The national focus on growth and the inducements to unfettered consumption—what might be called the culture of “ubiquitous abundance”—have helped maintain the position of Appalachia as a provider of cheap energy, fiber, and other products, which, in turn, has led to enormous social and ecological problems.
Over the past 10 to 15 years, a more sustainable economy has begun to emerge, led by community based, entrepreneurial nonprofits, key local and state officials, and innovative local businesses, often linked through networks of production, markets, and peer learning.
This sustainable economy is diverse, with enterprises emerging in several sectors, including food and farming, forest-based enterprises, and renewable energy/energy efficiency and green building.
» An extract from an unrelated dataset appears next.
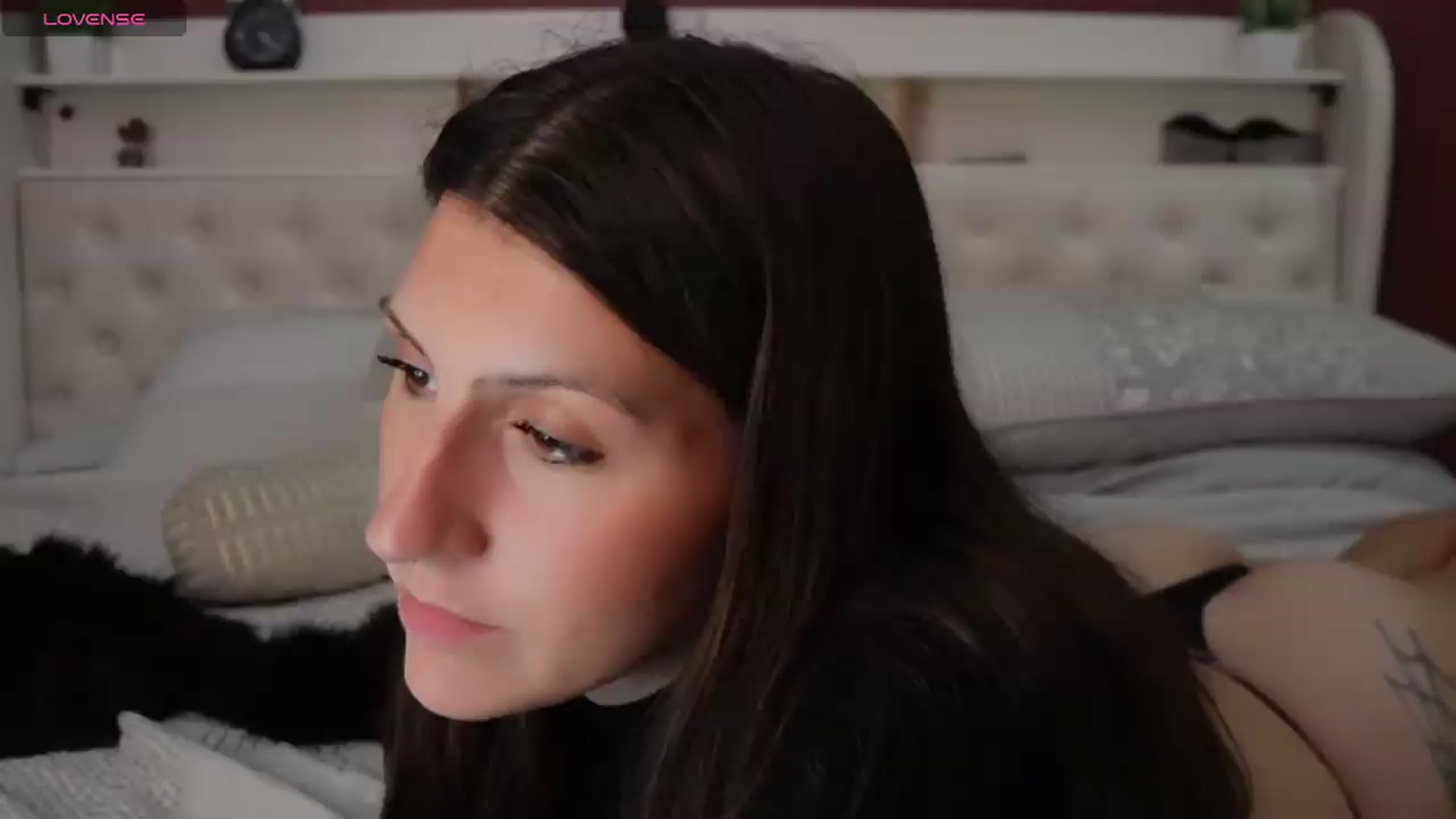 Gallery image thumbnail from just_erika's myfreecams stream on, 08/10/2026, 04:02 image 15 of 20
The common and defining characteristics of this sustainable economy include: nurturing ecological sustainability, often beginning with restoration; building local assets, both infrastructural and institutional, that spawn innovation and self reliance; building relationships between consumers and producers based on regional economies and markets; and generating broadly held local wealth in order to decrease poverty and dependence and increase community resilience.
Kristin Tracz served MACED’s Research and Policy team from 2009-2012 working on clean energy policy, energy efficiency programs and the Appalachian Transition Initiative. She joined MACED after finishing her Master of Environmental Management degree at the Yale School of Forestry & Environmental Studies. She now lives and works in Washington, DC.